Praktyka Lean Manufacturing (produkcji odchudzonej) już od lat 90. ubiegłego wieku jest coraz powszechniej wdrażana w procesach produkcyjnych i logistycznych polskich fabryk. Większość nowoczesnych koncernów wdraża i utrzymuje filozofię odchudzonych procesów produkcyjnych i logistycznych, identyfikując i eliminując konsekwentnie marnotrawstwo.
Źródło: Fotolia
 
Nie znajduję jednak odpowiedzi, dlaczego japońska filozofia ciągłego doskonalenia, w tym sposób działania Toyoty – niekwestionowanego lidera w przemyśle motoryzacyjnym – nie została masowo adoptowana do procesów administracyjnych.
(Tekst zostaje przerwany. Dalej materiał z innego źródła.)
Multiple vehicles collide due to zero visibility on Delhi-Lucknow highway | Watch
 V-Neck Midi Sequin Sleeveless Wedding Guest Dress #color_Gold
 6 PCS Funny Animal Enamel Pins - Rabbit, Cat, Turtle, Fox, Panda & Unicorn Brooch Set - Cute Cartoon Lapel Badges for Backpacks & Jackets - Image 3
Przecież w założeniach Toyota Production System stawia sobie następujące cele:
  • skrócenie cyklu produkcyjnego przez udrożnienie przepływu materiału produkcyjnego w całym procesie wytwarzania,
  • maksymalizacja produktywności poprzez wytworzenie większej ilości wyrobów, przy zużyciu mniejszej ilości czasu, materiałów, powierzchni, pracy ludzkiej, kapitału i innych zasobów,
  • projektowanie procesu produkcyjnego zdolnego dostarczać wymagane rezultaty w sposób płynny i elastyczny,
  • eliminacja odpadów prowadzących do strat, które mają wpływ na przyszłe długoterminowe efekty działalności firmy.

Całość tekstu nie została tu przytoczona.